L’article 23 2) de la Constitution nationale énonce: «Chaque travailleur a le droit: 1) de former et de s’affilier à un syndicat 2) de participer aux activités et programmes du syndicat et 3) de faire la grève.»
Afin de déterminer si la loi portait atteinte aux droits protégés par la Constitution, la Cour a cherché à déterminer si l’article 23 2) de la Constitution s’appliquait aux forces armées. À cette fin, la juridiction s’est interrogée sur le sens du mot «travailleur» contenu dans cette disposition en recherchant s’il englobait effectivement l’ensemble des personnes occupant un emploi. Pour interpréter l’article 23 de la Constitution, la Cour a estimé que les conventions et les recommandations de l’OIT étaient utiles:
«La section 39 de la Constitution prévoit que lorsqu’une juridiction doit interpréter le chapitre 2 de la Constitution, elle doit prendre en considération le droit international. À mon avis, les conventions et recommandations de l’Organisation internationale du Travail, une des plus anciennes organisations internationales existante, sont des ressources importantes pour examiner la signification et le champ couvert par la notion de «travailleur» (…)»
La Cour a cité les articles 22 et 9 1)3 de la convention n° 87 et en a conclu:
«D’après ces dispositions, il est clair que la convention inclut les forces armées et la police dans son champ d’application mais que l’étendue de l’application de ces dispositions est une question relevant de la loi nationale et n’est pas régie directement par la convention.»

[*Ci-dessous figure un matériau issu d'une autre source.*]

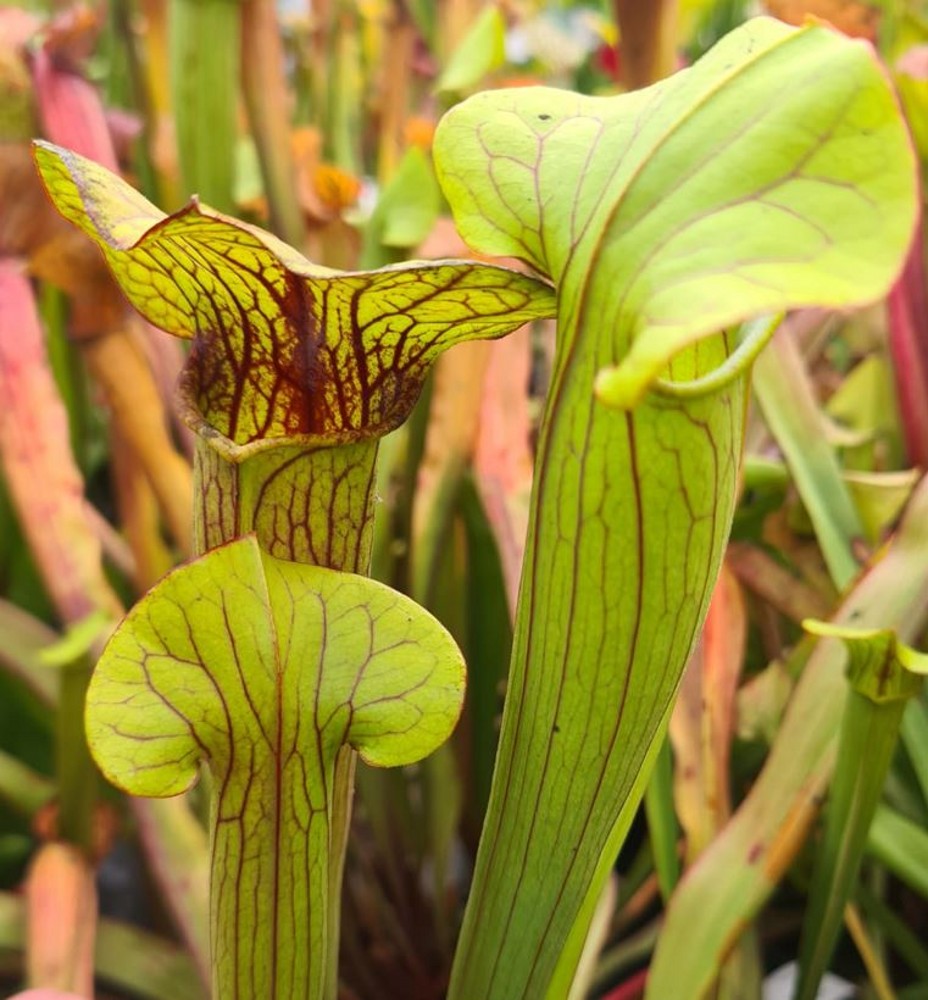 Sarracenia hybrid H 160 Sarracenia catesbyi x flava maxima | Farmyard ...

La Cour constitutionnelle a noté que la convention n° 98 suivait la même approche et a conclu:
«L’OIT considère que les membres des forces armées et de la police sont des travailleurs aux termes de la convention, mais estime que leurs fonctions sont particulières, allant jusqu’à laisser la possibilité aux états membres de déterminer l’étendue de l’application des dispositions de la convention aux policiers et aux forces armées.»
Adoptant la même approche que les conventions nos 87 et 98 de l’OIT, la Cour a considéré que le mot «travailleur» de l’article 23 2) de la Constitution s’appliquait également aux membres des forces armées mais que ces dernières pouvaient voir leurs droits restreints par la législation nationale. Conformément à l’article 36 de la Constitution nationale, la Cour a ensuite déterminé si la limitation de ce droit par la législation était raisonnable et justifié dans une société ouverte et démocratique.
La Cour constitutionnelle d’Afrique du Sud a estimé que l’interdiction totale des syndicats ne remplissait pas cette dernière condition et a suspendu l’article interdisant aux membres des forces armées de constituer ou de s’affilier à des syndicats. La Cour a en revanche conclu que l’interdiction du droit de grève au sein des forces armées était conforme à la Constitution.
1 Convention (n° 87) de l’OIT sur la liberté syndicale et la protection du droit syndical, 1948; convention (n° 98) de l’OIT sur le droit d'organisation et de négociation collective, 1949.
2 Article 2 de la convention n° 87: «Les travailleurs et les employeurs, sans distinction d'aucune sorte, ont le droit, sans autorisation préalable, de constituer des organisations de leur choix, ainsi que celui de s'affilier à ces organisations, à la seule condition de se conformer aux statuts de ces dernières.»